Today, our lifestyles are different. We spend our time in the kitchen or the family room, so we want those rooms to be functional, attractive and comfortable. But they do not have to be huge and certainly not formal. Bedrooms still are usually the place to sleep.
So imagine our excitement when a client came to us with a request to complete a whole house transformation with the cornerstone being the creation of a Master Suite that would provide the perfect refuge for relaxation and rejuvenation of the body and soul.
Now I understand that this is not the “typical” project. So I should tell you that our clients both led chaotic lives with great mental and physical demands. They wanted and needed a sanctuary, and they wanted that to be the master suite. We accomplished this through structural change, the inclusion of critical functional elements, and the creation of a warm, inviting environment.
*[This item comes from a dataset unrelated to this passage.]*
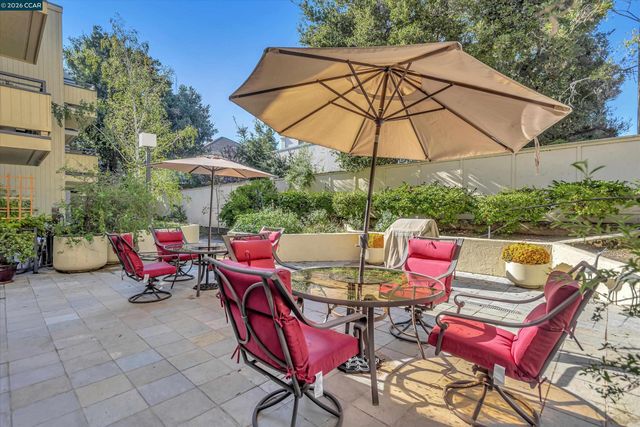 324 Catalpa St 120, San Mateo, CA 94401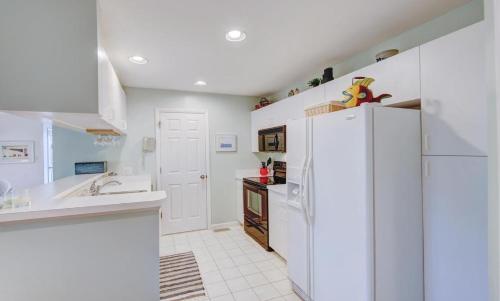 Sea Colony Lakeshore - image 4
The structural changes allowed us to create a “bigger is better” living area. We created a 1,500-sq.-ft. master suite from what had been a much smaller area. We took attic space and converted it to the husband’s closet. A small kitchenette (yes, a kitchenette in the master suite) was hidden behind one of the walnut walls, and an exterior balcony was converted into the sitting room. Additionally, the master bath foyer was defined and refined by adding a towel storage cabinet and adding a pair of pocket doors adjacent to the bedroom.
There were also some functional “creature comforts” that were integrated to enhance the experience such as a towel warming drawer in the master bath, heated floors in the sitting room and master bath, a multi-component shower system with different shower settings for the husband and wife, and a structured wiring system that controls everything from the HVAC to the lighting to a whole-house I-Pod dock system.
To create the warm, inviting environment the homeowners wanted, the suite evokes the essence of a European spa. We used strong, clean lines, soft edges and various materials throughout the suite to evoke that essence. Within the master bedroom/bathroom we incorporated walnut cabinetry, Jerusalem stone, pillowed marble and mosaic tiles. The resulting aesthetics were a result of the marriage of a variety of textures and materials. Throughout the suite we employed a neutral palette to enhance the warmth of the space.
Professionally, we are very proud of what we created. But even more satisfying was the comment from the husband when the job was done. “Most people look forward to going on vacation to get away. Here we have a sense of peace and relaxation every day.”